By Ibrahim Tarawallie

The Sierra Leone Association of Journalists (SLAJ) yesterday joined other organizations around the world to observe the ‘International Day to End Impunity for Crimes against Journalists’.

In a press statement, the association called on the Government of Sierra Leone to immediately drop all ongoing cases of Criminal and Seditious Libel in the courts.

“Since this year’s End Impunity day comes shortly after the symbolic signing of the repeal of the obnoxious Criminal and Seditious libel law, we call on the Government of Sierra Leone to immediately drop all ongoing cases of Criminal and Seditious Libel in our courts,” SLAJ President, Ahmed Sahid Nasralla urged.

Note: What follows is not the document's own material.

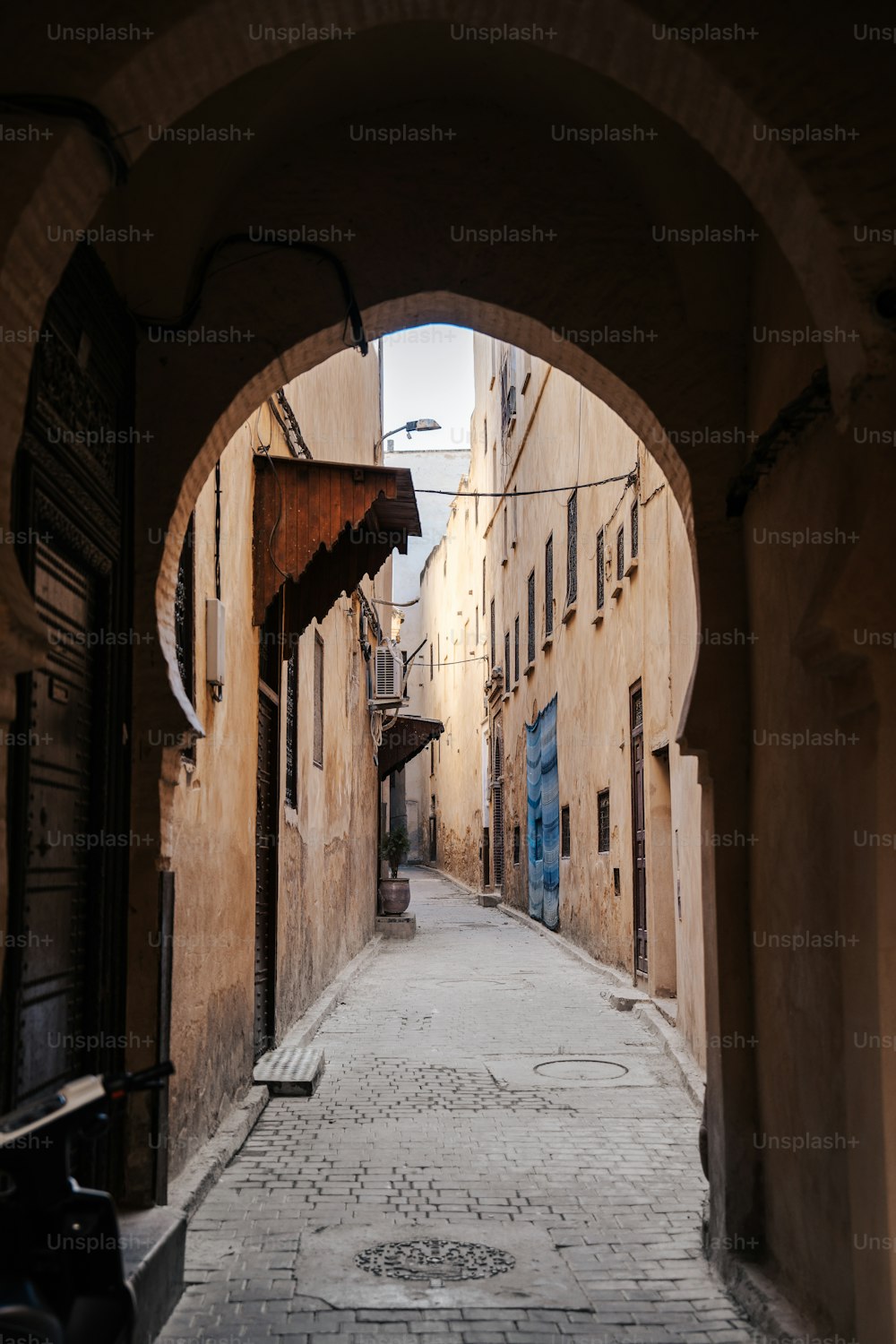 a narrow alley way with an arch leading to a building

SLAJ also called on government and its agencies to not only protect and promote freedom of speech always, but to also help to ensure the safety and security of all journalists working in the country at all times.

President Nasralla stated that apart from violence, the association also notes with serious concern other forms of attacks such as discrimination, intimidation and harassment against journalists and media workers and therefore call on specifically on local authorities, the Judiciary and the Parliament of Sierra Leone to exercise their supreme powers with caution and due consideration of the crucial work of journalists to hold public institutions to account and to bring the news to the people on a daily basis.

“In line with the United Nations Resolution urging Member States to implement definite measures countering the present culture of impunity against journalists, we urge Government and its agencies, especially the national security forces, to do their utmost to prevent violence against journalists and media workers, and to take appropriate action against perpetrators of crimes against journalists and media workers,” he urged.

Over the years, SLAJ, through the Media Reform Coordinating Group (MRCG), has been monitoring and publishing reports on press freedom and freedom of expression situation in Sierra Leone. The last report on ‘Press Freedom in Sierra Leone’ released in May 2020, highlighted the status of 26 cases of various attacks on journalists in Sierra Leone over a two-year period (most of which were based on alleged breaches of Part 5 of the Public Order Act of 1965), indicating a general decline in crimes against journalists. With the repeal of this anti-free speech law, SLAJ hopes the situation with the safety and security of journalists and media workers will continue to improve.

The association calls on media houses to also put in-house policies in place to ensure the safety and security of their workers and to ensure their professionalism always.